# TASK GOAL:
Which lines of the entries below contain the string "Gold"? Copy each one.

# DATA FOR ANALYSIS:
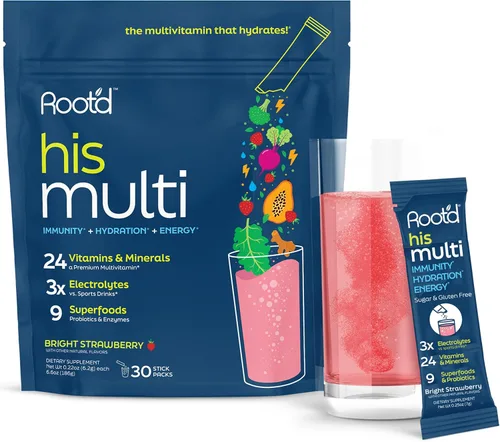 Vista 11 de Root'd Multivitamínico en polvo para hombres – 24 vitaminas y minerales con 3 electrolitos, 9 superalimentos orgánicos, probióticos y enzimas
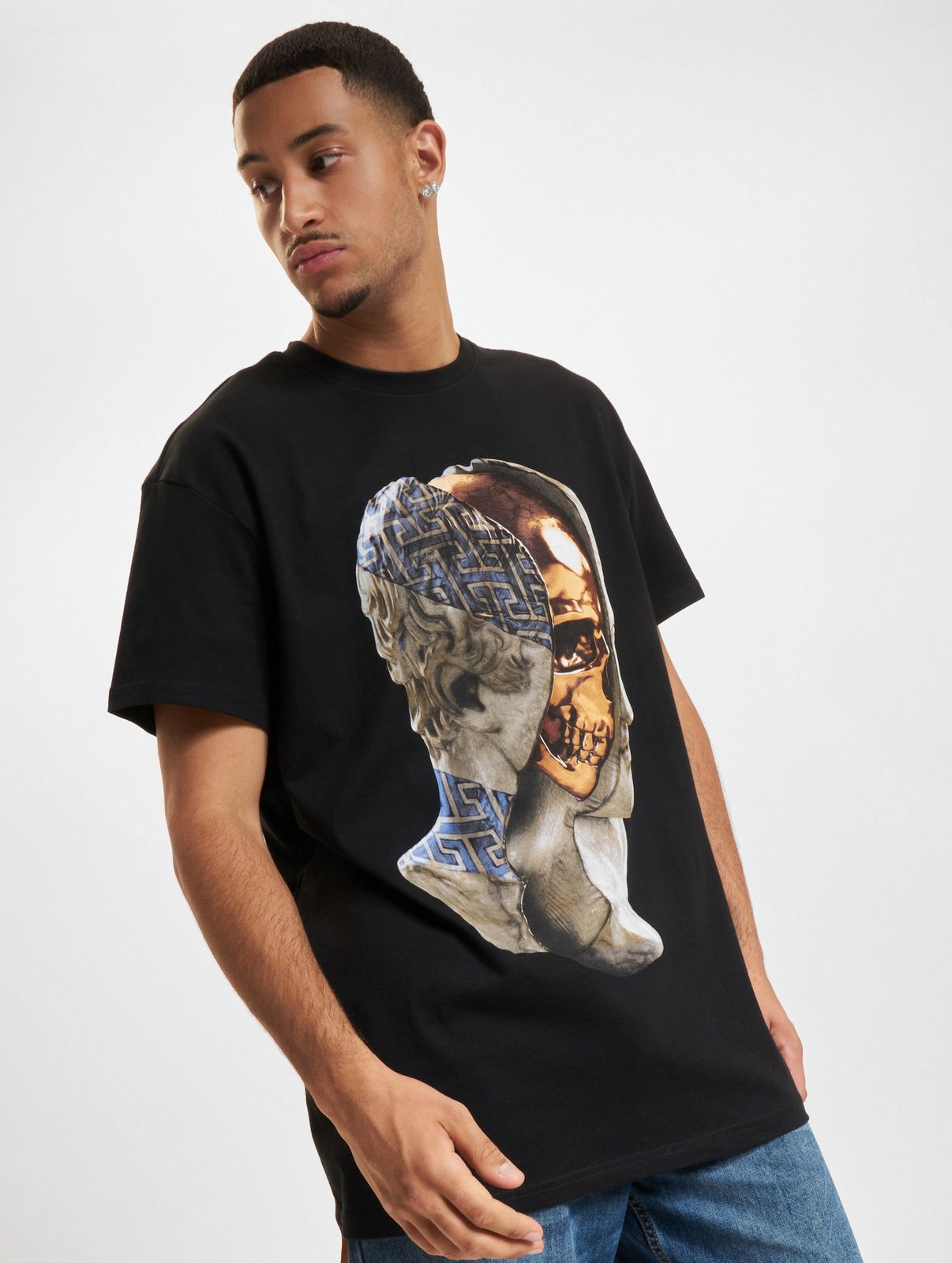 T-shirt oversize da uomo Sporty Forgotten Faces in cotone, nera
---
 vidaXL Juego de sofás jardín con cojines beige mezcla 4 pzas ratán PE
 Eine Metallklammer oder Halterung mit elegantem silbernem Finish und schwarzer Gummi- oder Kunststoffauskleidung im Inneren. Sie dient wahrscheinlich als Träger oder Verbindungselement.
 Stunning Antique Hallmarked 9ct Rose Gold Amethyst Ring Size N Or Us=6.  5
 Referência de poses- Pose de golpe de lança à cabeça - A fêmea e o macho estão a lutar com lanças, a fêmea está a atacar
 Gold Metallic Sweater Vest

# YOUR RESPONSE:
 Stunning Antique Hallmarked 9ct Rose Gold Amethyst Ring Size N Or Us=6.  5
 Gold Metallic Sweater Vest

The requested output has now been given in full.